From Foreign Policy in Focus analyst Ian Williams looks at the standoff in Georgia and brings valid criticisms of all the involved parties to the discussion, as well as some possible courses of action that would allow for a peaceful settlement along with face saving measures to assuage the participants.
There are no saints and even fewer geniuses in the conflict between Russia and Georgia over Ossetia. However, Russian Prime Minister Vladimir Putin, clearly the real power in Moscow, has certain proven himself even less saintly than other parties – and in the long term, less clever. Albeit with serious input from American miscalculations and atavistic politics and with the help of the hapless Georgian leader Mikheil Saakashvili, Putin has made both Russia, and the world, a more dangerous place.

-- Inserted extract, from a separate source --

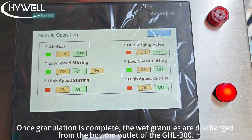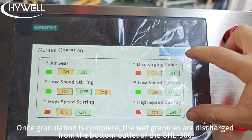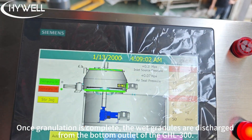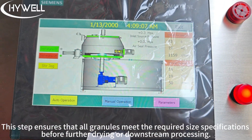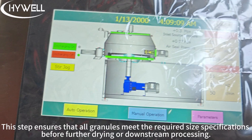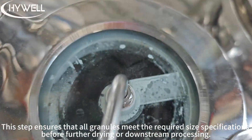Once granulation is complete, the wet granules are discharged from the bottom outlet of the GHL300. They are then directly transferred into the granulator for size reduction. This step ensures that all granules meet the required size specification before further drying or downstream processing.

That is not because of any great conspiracy, but rather a concatenation of expedient stupidities on all sides, exacerbated by the tendency of all American administrations since Reagan to treat Russia as a defeated power rather than a partner. Russian leaders began the elder George Bush’s New World Order with unprecedented gestures of cooperation, around the first Gulf War, for example. Washington’s triumphalist approach since would have provoked any regime in Moscow, let alone one led by a KGB/Mafia consortium, to nationalist reaction.

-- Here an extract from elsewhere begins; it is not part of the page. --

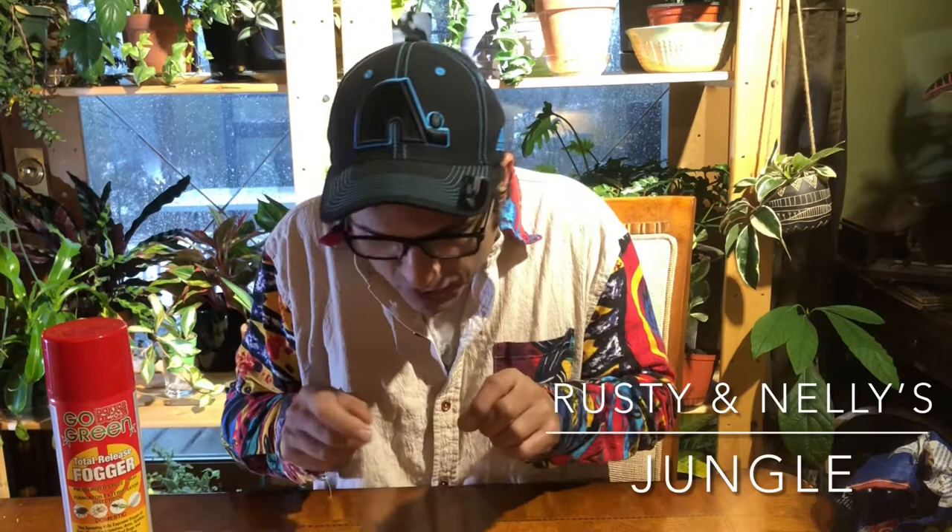Hey folks, welcome to Rusty and Nellie's Jungle. Fogger update. Should we use this? Shouldn't we use this?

Some conspiracy theorists see a pipeline beneath every recent front line. In Georgia, a real one runs from Baku to Ceyhan in Turkey, whose sole and explicitly announced purpose was to get oil from the Caspian that did not have to go through Russian territory. Of course, it also made Turkey and its Israeli friends very happy. But alienating even a faded nuclear superpower to make two dependent states happy is not a statesmanlike thing to do.
The United Nations has largely been absent from the conflict between Russia and Georgia. There were Russian and not UN peacekeepers deployed in South Ossetia, and there was little discussion in the Security Council about either Georgia’s attack on the enclave or Russia’s response. Any durable peace in the region, however, will require some role for the UN. There is some real potential. The United States under Bush, while paying lip disservice to the organization, has been using it tacitly and widely. Russia, as one would expect from a weaker power, often invokes the organization, even if its adherence to UN principles has been as much, if not even more, expedient than Washington’s.